When the mind reaches nirvana…
That is his second fallacy, because the mind never reaches nirvana. In fact, mind cannot even conceive the idea of nirvana. Nirvana: the very word means cessation of mind, it is annihilation of the mind. The actual meaning of the word nirvana will help you to understand: literally it means blowing out a candle. Mind is just a small candle with a small flame of awareness, but even that small flame can do immense harm.
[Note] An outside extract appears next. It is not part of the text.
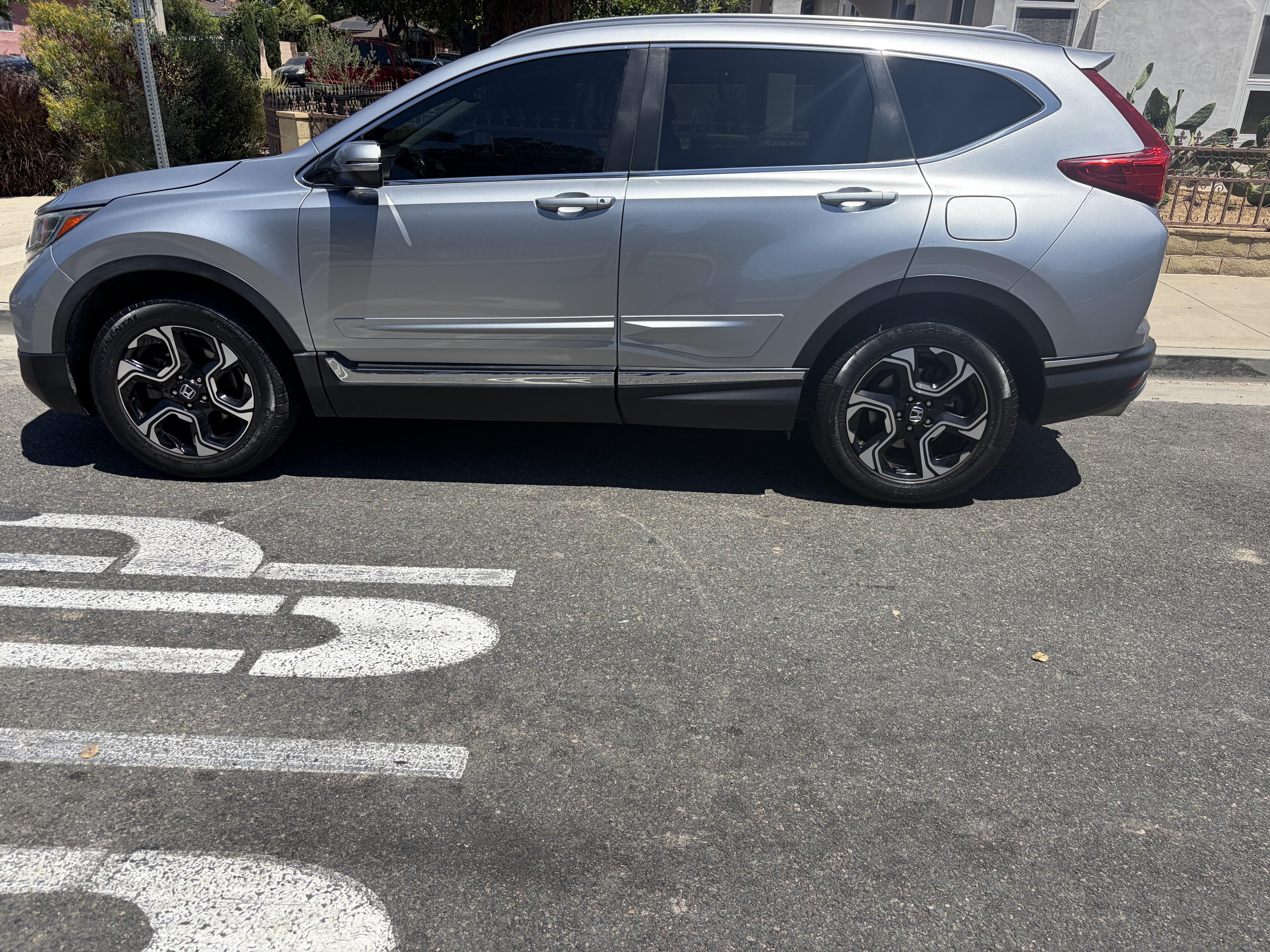 Used 2017 Honda CR-V Touring image 12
I will tell you of one incident in Rabindranath Tagore’s life. His father was a great landlord. Their estate consisted of hundreds of towns and thousands of miles, and there was a beautiful river flowing through their estate. Rabindranath often used to go on his small houseboat and live for months on the beautiful river, surrounded by thick forest, in absolute silence and aloneness. One full-moon night, it happened: he was reading a very significant contribution to the philosophy of aesthetics, by Croce.
Croce is perhaps the most significant philosopher who has thought about beauty. His whole life’s work was concerned with finding the meaning of beauty – not truth, not good. His sole concern was with what is beautiful. He thought if we can find what is beautiful we have found what is true, because truth cannot be ugly, and we have found what is good, because the beautiful cannot be evil. A beautiful conception…and with this foundation he worked his whole life to find out from different angles what beauty is.
Rabindranath himself was a worshiper of beauty. He lived a very beautiful and aesthetic life. He not only created beautiful poetry, but his life itself was a beautiful poem. He was a very graceful man.
On that full-moon night with a small candle inside his houseboat he was reading Croce. In the middle of night, tired from Croce’s very complicated arguments, he closed the book and blew out the candle. He was going to his bed to sleep, but a miracle happened. As the small flame of the candle disappeared, from every window and door of the small houseboat, the moon came dancing in. The moon filled the house with its splendor.
Rabindranath remained silent for a moment…it was such a sacred experience. He went out of the house, and the moon was immensely beautiful in that silent night amongst those silent trees, with a river flowing so slowly that there was no noise. He wrote in his diary the next morning, “The beauty was all around me, but a small candle had been preventing it. Because of the light of the candle, the light of the moon could not enter.”